長男の息子と私の8人で、わいわい、ガヤガヤと3時間が流れるように過ぎた。
みんな思いで深いものになったと思う。
 満腹になったところで、長男の嫁が
「お母さん花子の映像を見せましょうか」「ぜひ、花子に会いたいわ」
花子が死ぬ前の病んで痩せているイメージが重かったが、
プロに写真を動画にして貰ったらしく、在りし日の花子を目の当たりにして、
天にも昇る気持ちだった。36年も昔のビデオが、こんな動画になるなんて、
何もかも日進月歩しているのだと感心している。
 忙しくて、どの孫ともほとんど関わっていなかったと思っていたけど、
孫と、花子と一緒に写っている若くスマートな初老の女性は私だった。
花子を呼ぶ声のトーンも優しさに満ちていた。
まだ歩けない孫は、床を這い回っていた。
 花子は陸海両用車両のように、私が家にいる時は家の中で、事務所に出たら
事務所、外出する時は、助手席に飛び乗って座っていた。
動画を見て、孫が可哀想になった。

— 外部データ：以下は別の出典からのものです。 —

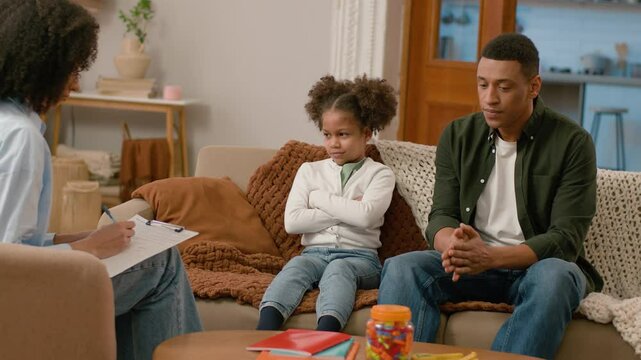 African American offended child daughter little girl problem difficult relationships family misunderstanding quarrel conflict father parent man session psychologist specialist therapy negative preteen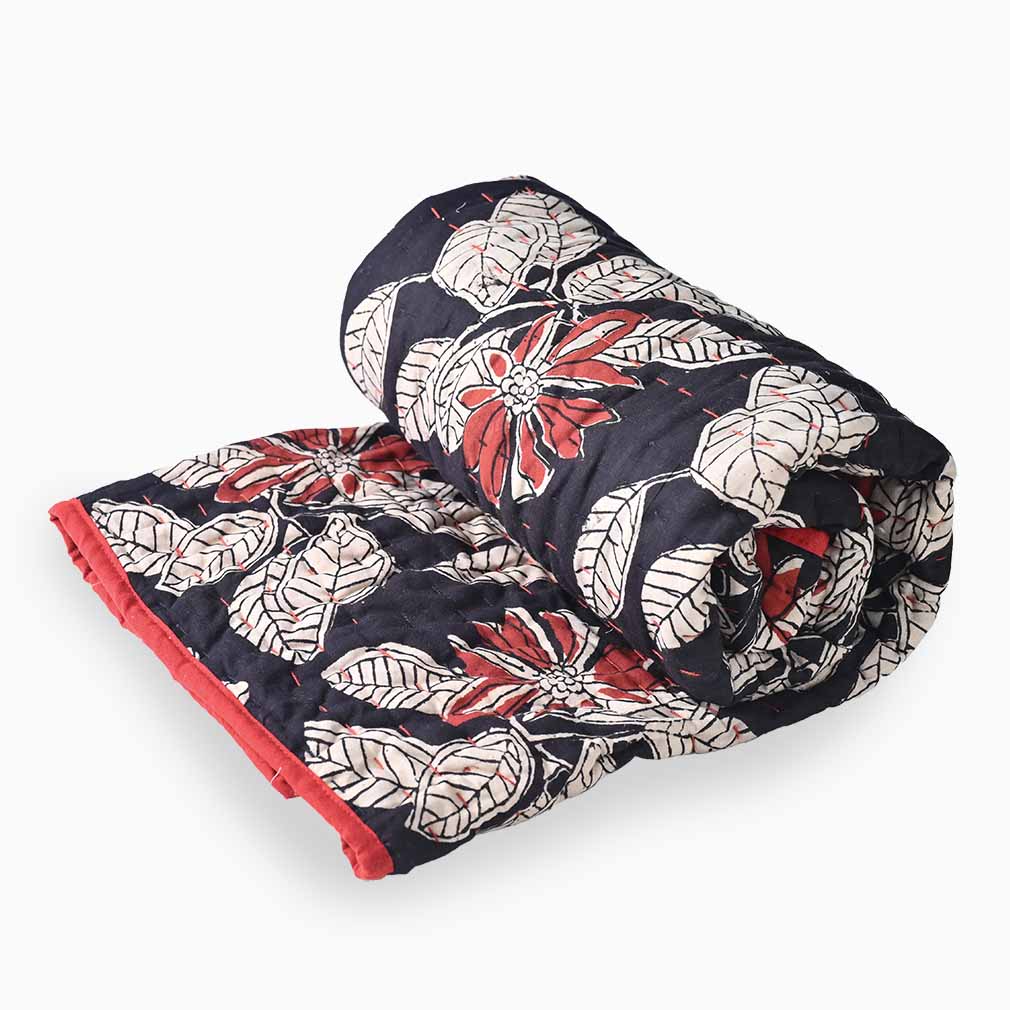 Roll of fabric with floral pattern on a white background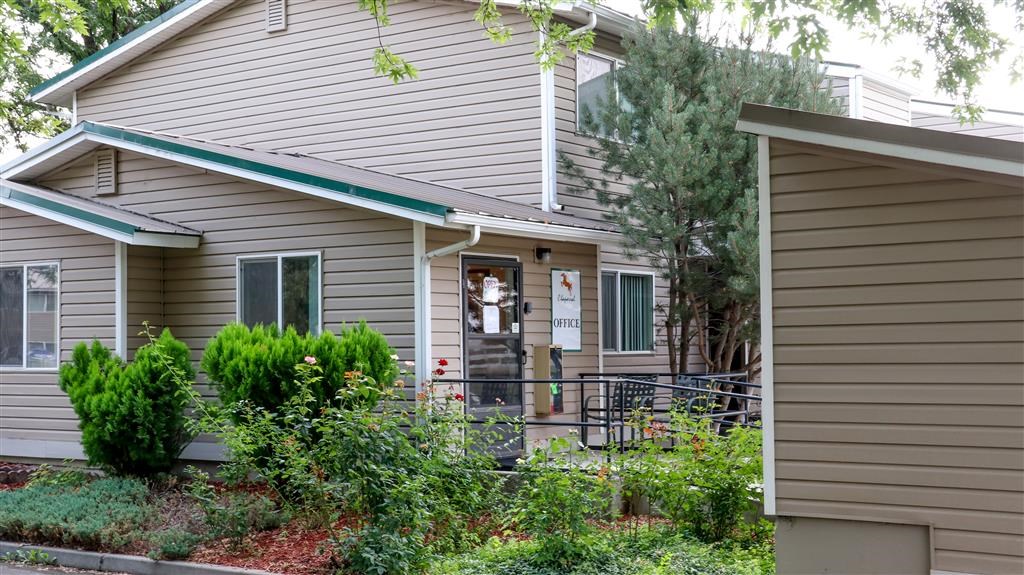 a gray house with a garden in front of it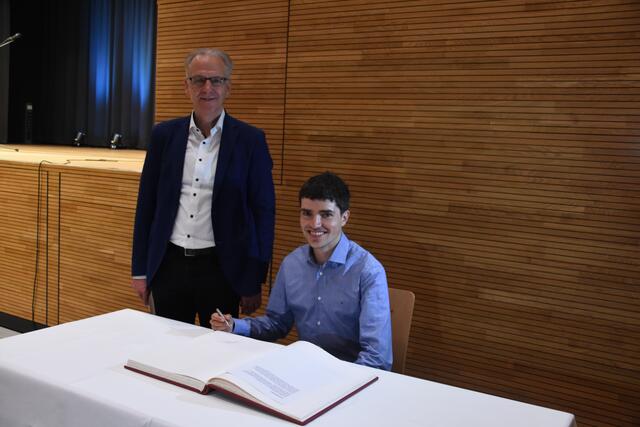 Mit Timo Benitz (sitzend) wurde im Goldenen Buch der Stadt Engen eine neue Seite aufgeschlagen. Zusammen mit Bürgermeister Johannes Moser (stehend) blätterte der hier geborene Sportler auch durch die Einträge anderer Engener Ehrengäste.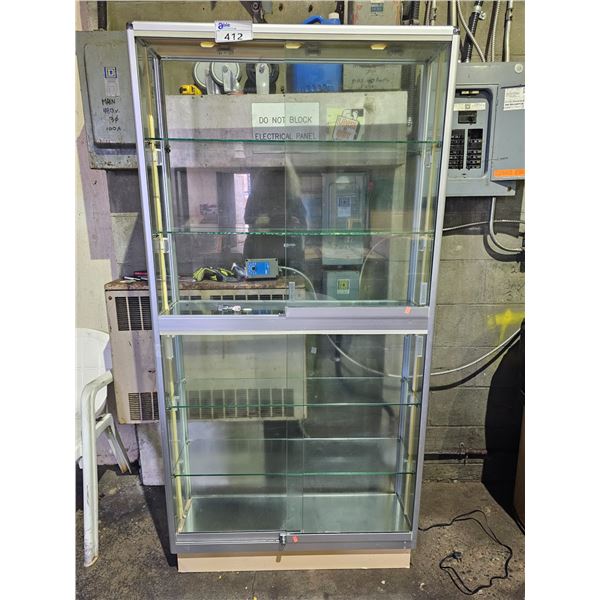 GLASS & METAL DISPLAY CABINET WITH SLIDING DOORS: APPROX. 72"T X 36"W X 10"D *HAS LOCK & KEY*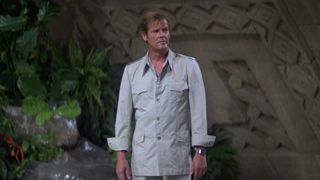 Roger Moore's James Bond looks confused as he stands in a giant room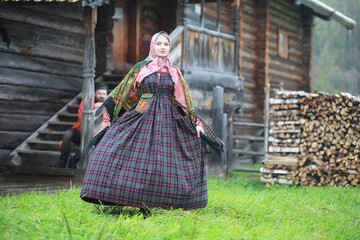 Traditional Slavic rituals in the rustic style. Outdoor in summer. Slavic village farm. Peasants in elegant robes.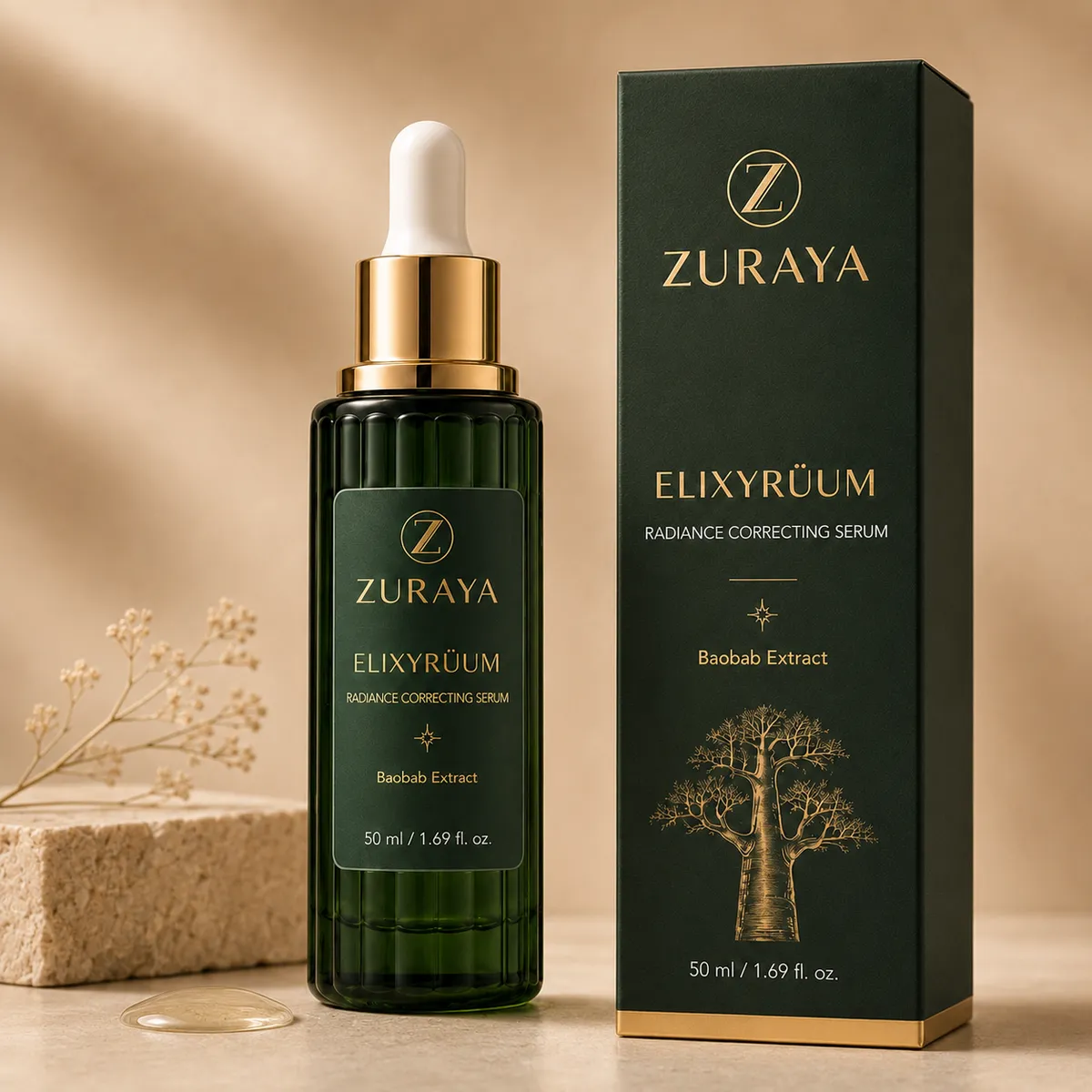 ELIXYRÜUM 50 ml bottle and its green box with a gold baobab, between stone and dried flowers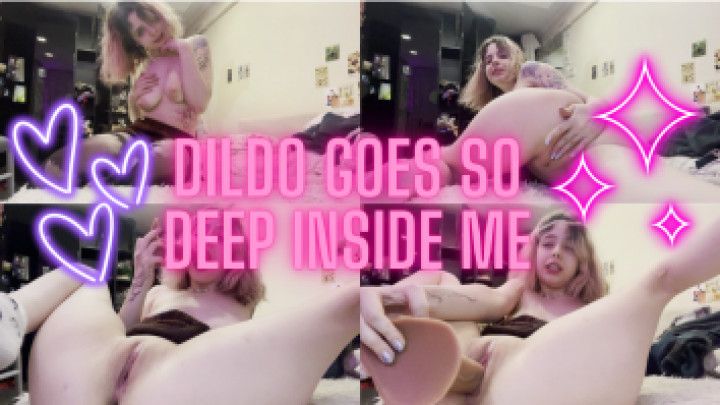 The dildo goes so deep inside me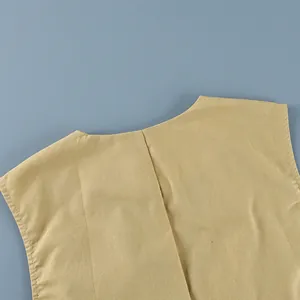 Macro detail view of the linen vest's neckline and fabric texture in beige khaki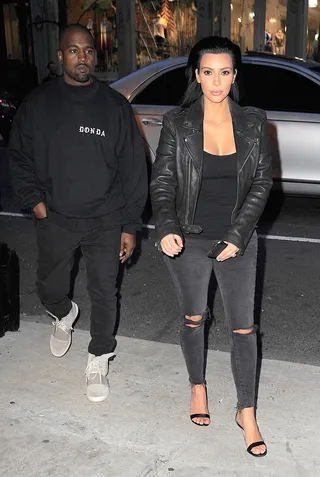 Newlyweds - Kim Kardashian and Kanye West&nbsp;in coordinating ash denim hang at Chelsea Piers in New York City as the pair prepare to celebrate their one-year wedding anniversary in just a few weeks.&nbsp;(Photo: PacificCoastNews)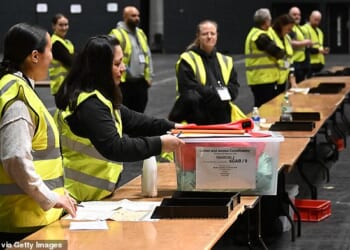Officials are pictured receiving votes for counting in the Gorton and Denton by-election after polls closed at 10pm on Thursday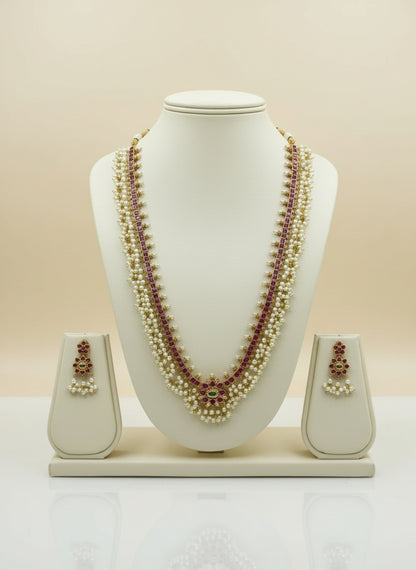 Pearl necklace with red stones and matching earrings on a white mannequin bust against a beige background.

あの時の床は清潔ではなかっただろう。
済まなんだなぁと心で詫びた。当時の私は世の中で一番花子が、近しかったのだ。
花子は裸の王様であった。

 ある時は花子に中庭に逃げられ、孫は伝い立ちして窓へ寄って花子を呼んでいる
様子だが、花子は入ってこない。窓越しに孫と花子は対峙していた。
知恵はまだ花子の方が上だったのだろう。
孫が諦めて窓を離れると花子はすぐ部屋に戻った。
孫と花子のコラボをよくまあ写したものである。
動画の「題」は花子である。長男と嫁に感謝しきれないほど感謝した。
 3人の子供たち。それぞれは今、人生で一番良い季節を迎え、送っていると思う。
3夫婦揃ったのは初めてのこと。今日は幸せを存分に味わった。
今度、3人が揃う時は、私の旅立ちのときだろう。それぞれの思いを分析している。

 3○年昔、私が住んでいた家。子供がつけた柱の傷が微笑んで見えた。
国体のユニホームを着た夫の遺影はそのままに広間の中央にあった。
 ボクシングの選手たちを引率して行った時の晴れの写真だ。
 夫の一番晴れの季節かも?
 お開きの後、娘夫婦は次男の家へ行った。私はまた1人になった。
昂りは波のように寄せては返して、いよいよ目が冴えてくる。
 
 今日の集いは夢ではあるまい。
 夢なら覚めないで欲しい。みんなありがとう。  6月1日真夜中。